= Beginning of Section =

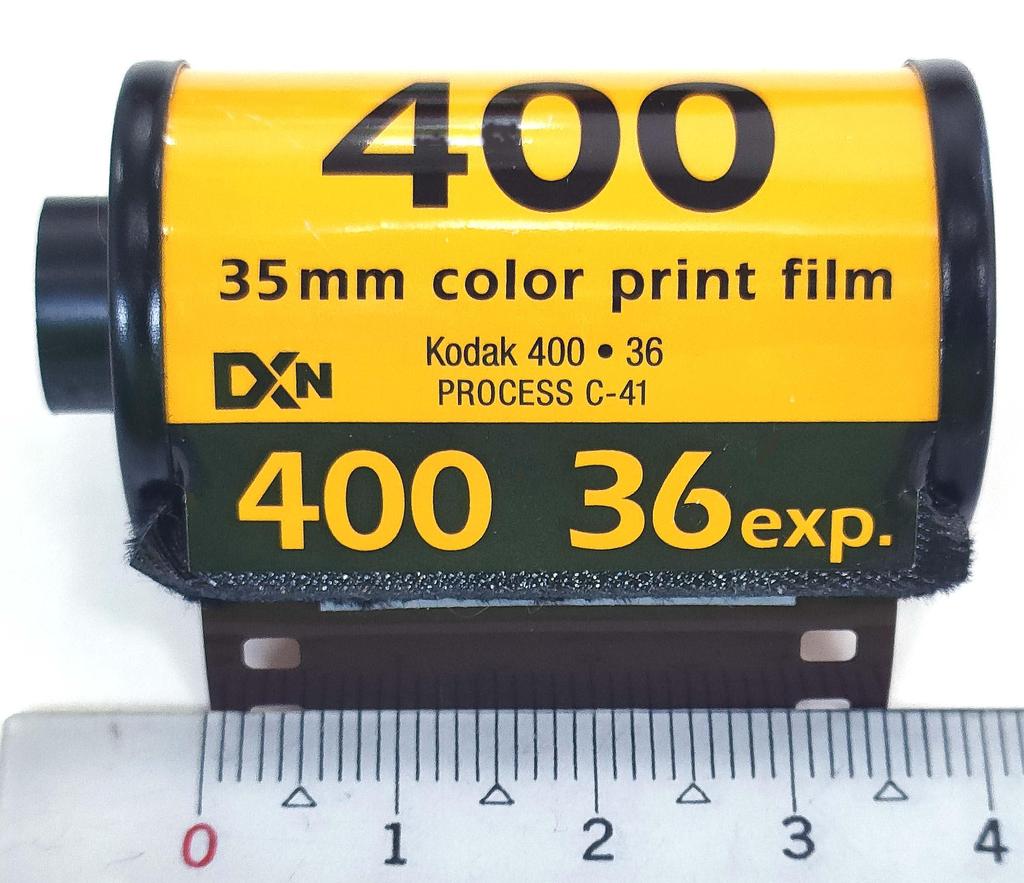 Kodak Color Negative Film 35mm ULTRAMAX400 36 Shots Set of 10
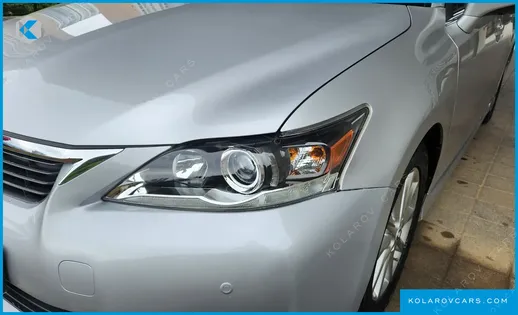 LEXUS CT200H 1.8 COMPACT TRENDY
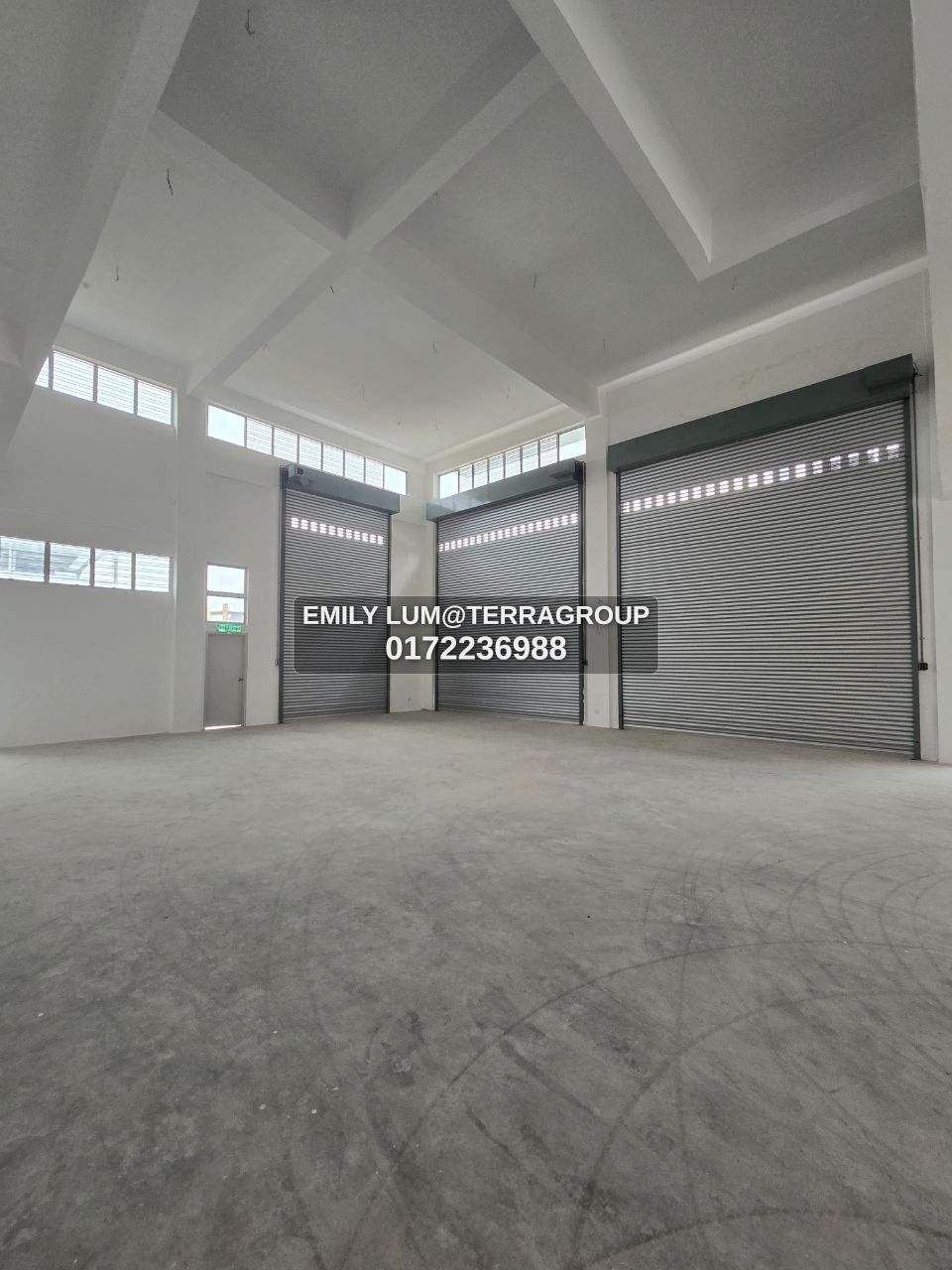 NEW - 3 Storey Semi D factory for Sale in Puchong image 2
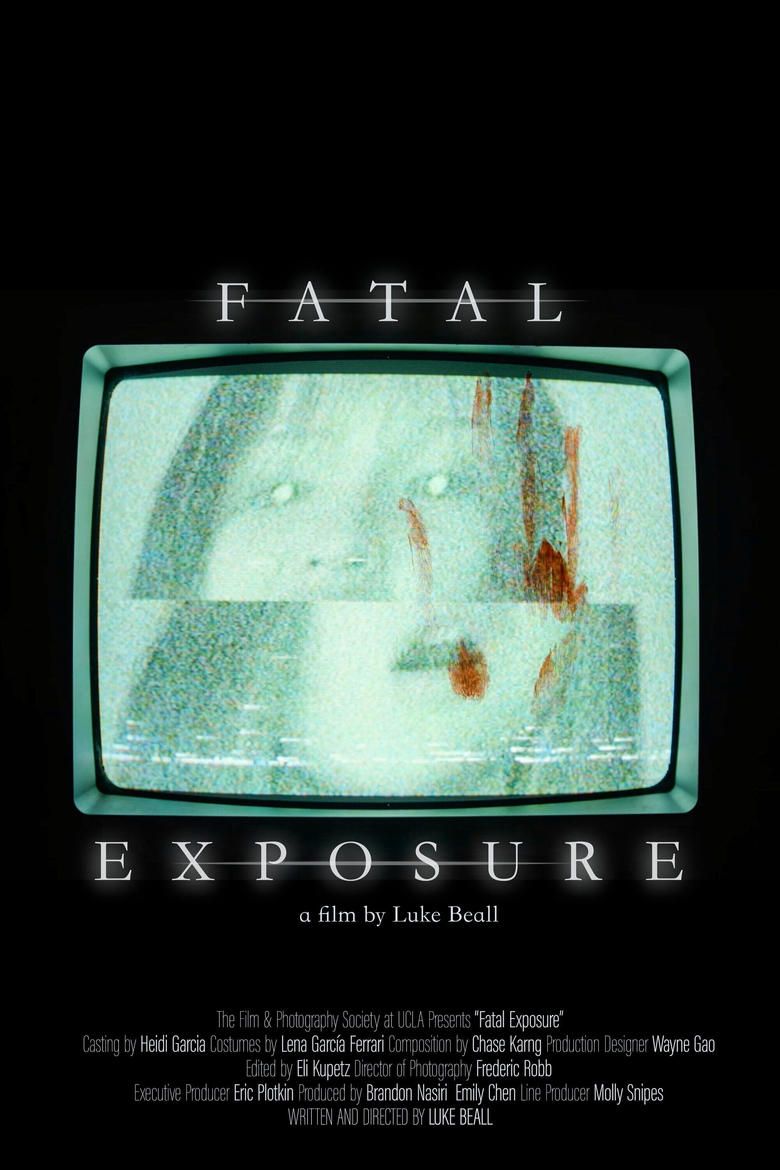 Poster of Fatal Exposure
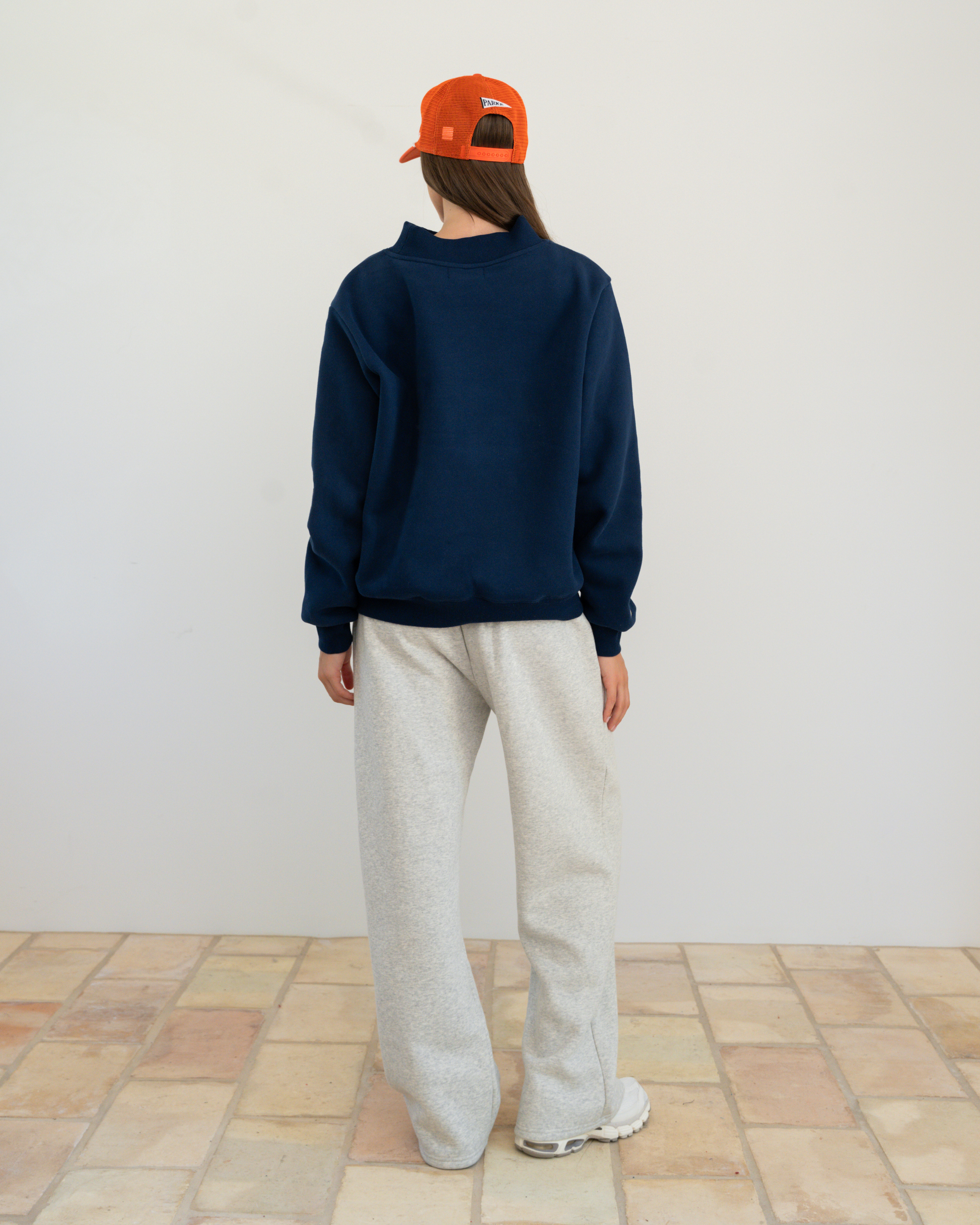 Boxer Sweatpants - Classic Grey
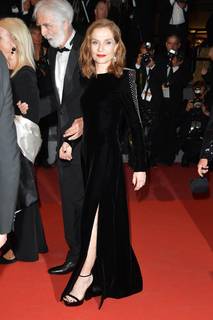 Isabelle Huppert feet photo thumbnail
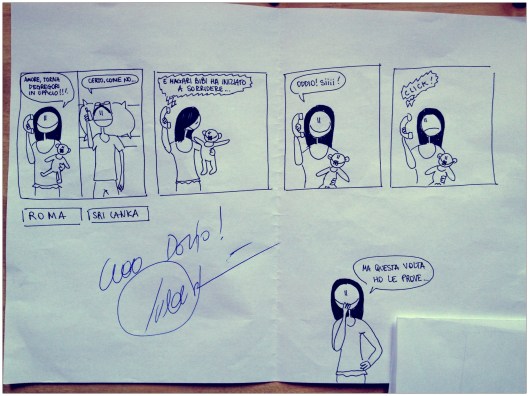 autografo de gregori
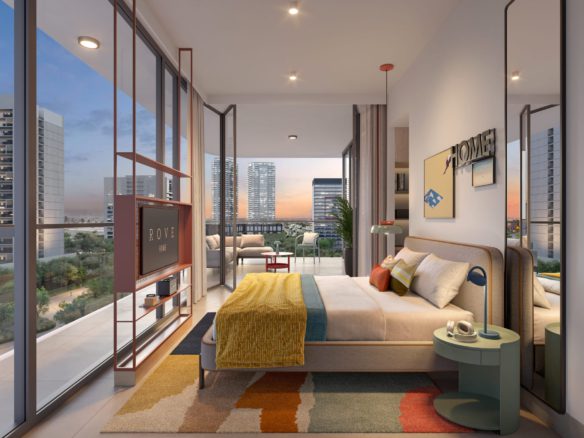 RV2 20 2BED TypeB BedroomB EF 1 scaled 1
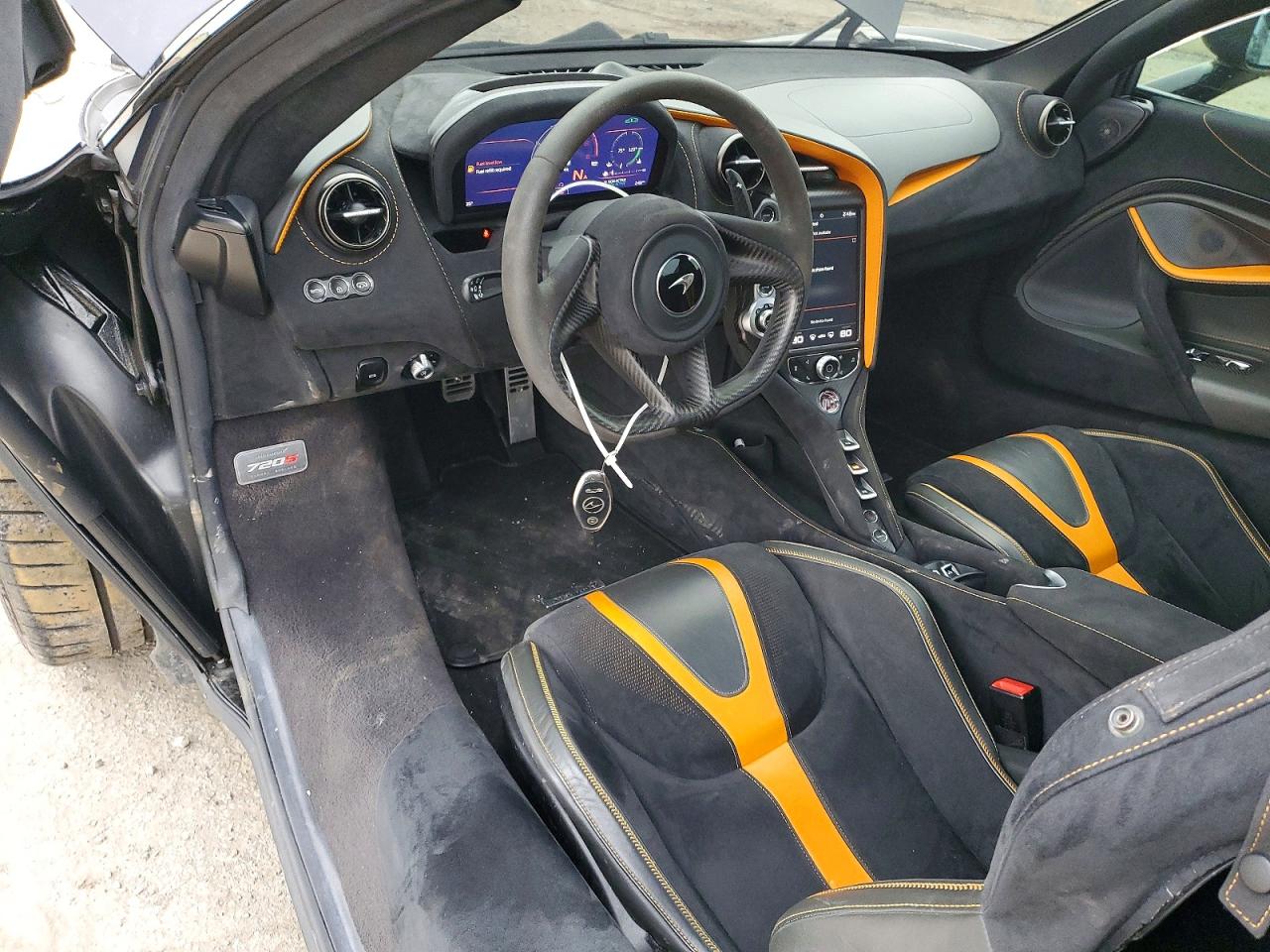 McLaren 720S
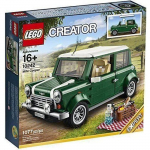 LEGO Creator - Mini Cooper - 10242 - Transporto priemonė ir konstruktorius - Suaugusiems - Kita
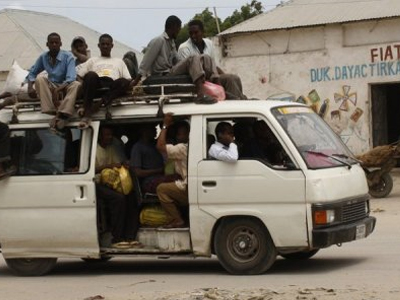 Εκατοντάδες οι νεκροί σε μάχες στο Μογκαντίσου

= End of Section =

Only the entries themselves should be output, word for word, with all pictures omitted.

* EXERCISE OUTPUT:
 Kodak Color Negative Film 35mm ULTRAMAX400 36 Shots Set of 10
 LEXUS CT200H 1.8 COMPACT TRENDY
 NEW - 3 Storey Semi D factory for Sale in Puchong image 2
 Poster of Fatal Exposure
 Boxer Sweatpants - Classic Grey
 Isabelle Huppert feet photo thumbnail
 autografo de gregori
 RV2 20 2BED TypeB BedroomB EF 1 scaled 1
 McLaren 720S
 LEGO Creator - Mini Cooper - 10242 - Transporto priemonė ir konstruktorius - Suaugusiems - Kita
 Εκατοντάδες οι νεκροί σε μάχες στο Μογκαντίσου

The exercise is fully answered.